> [Exercise requirements] Copy the data precisely, character for character, and leave out every picture.

> [Information provided]
-*-*-

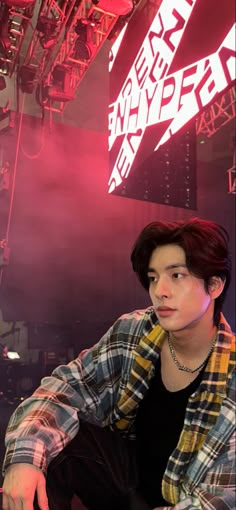 a young man sitting down in front of a neon sign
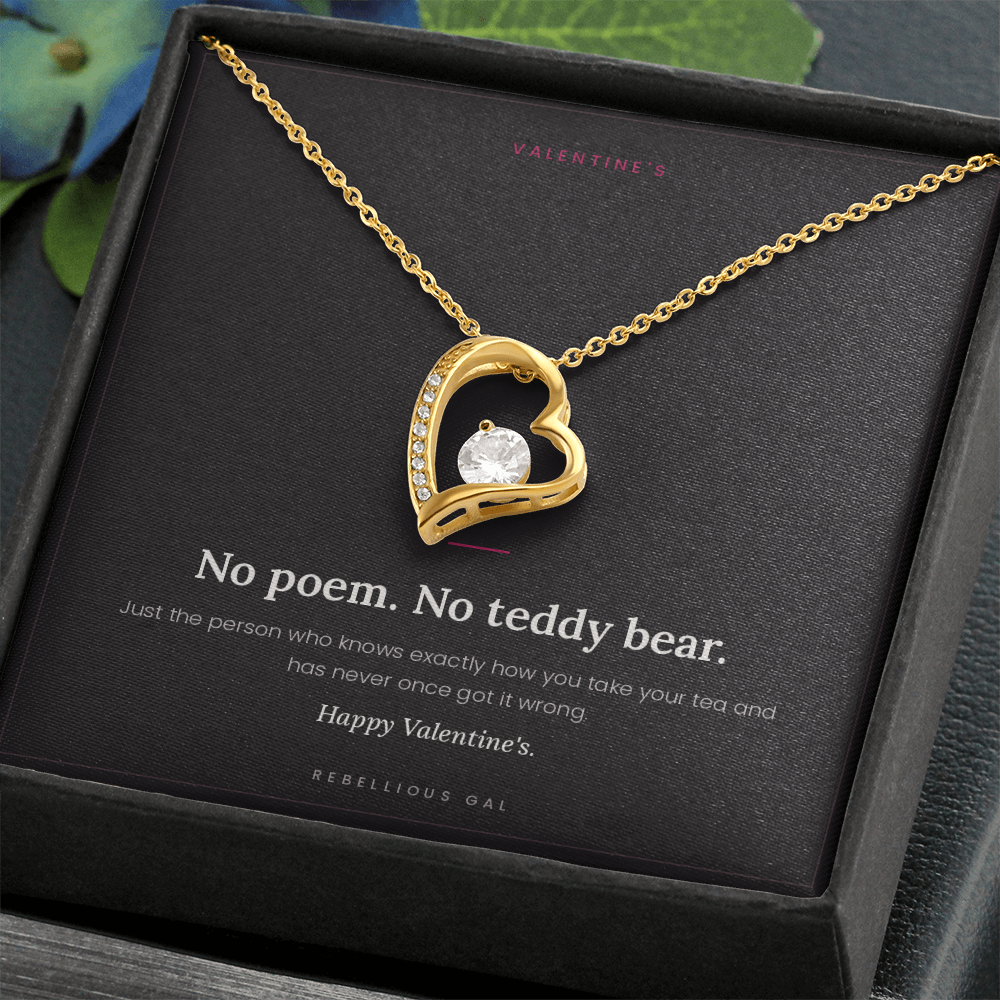 aGold heart pendant necklace in an open black gift box with the No Poem card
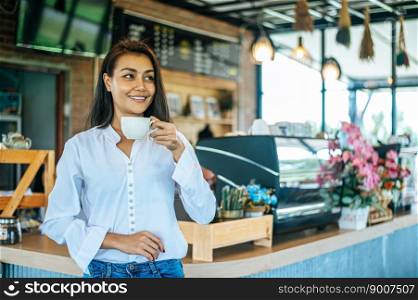 woman standing in a cafe with a cup of coffee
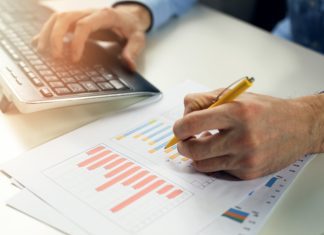 What is Data Modeling? office clerk working with statistical reports and entering data into a computer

-*-*-

> [Solution to the exercise]
 a young man sitting down in front of a neon sign
 aGold heart pendant necklace in an open black gift box with the No Poem card
 woman standing in a cafe with a cup of coffee
 What is Data Modeling? office clerk working with statistical reports and entering data into a computer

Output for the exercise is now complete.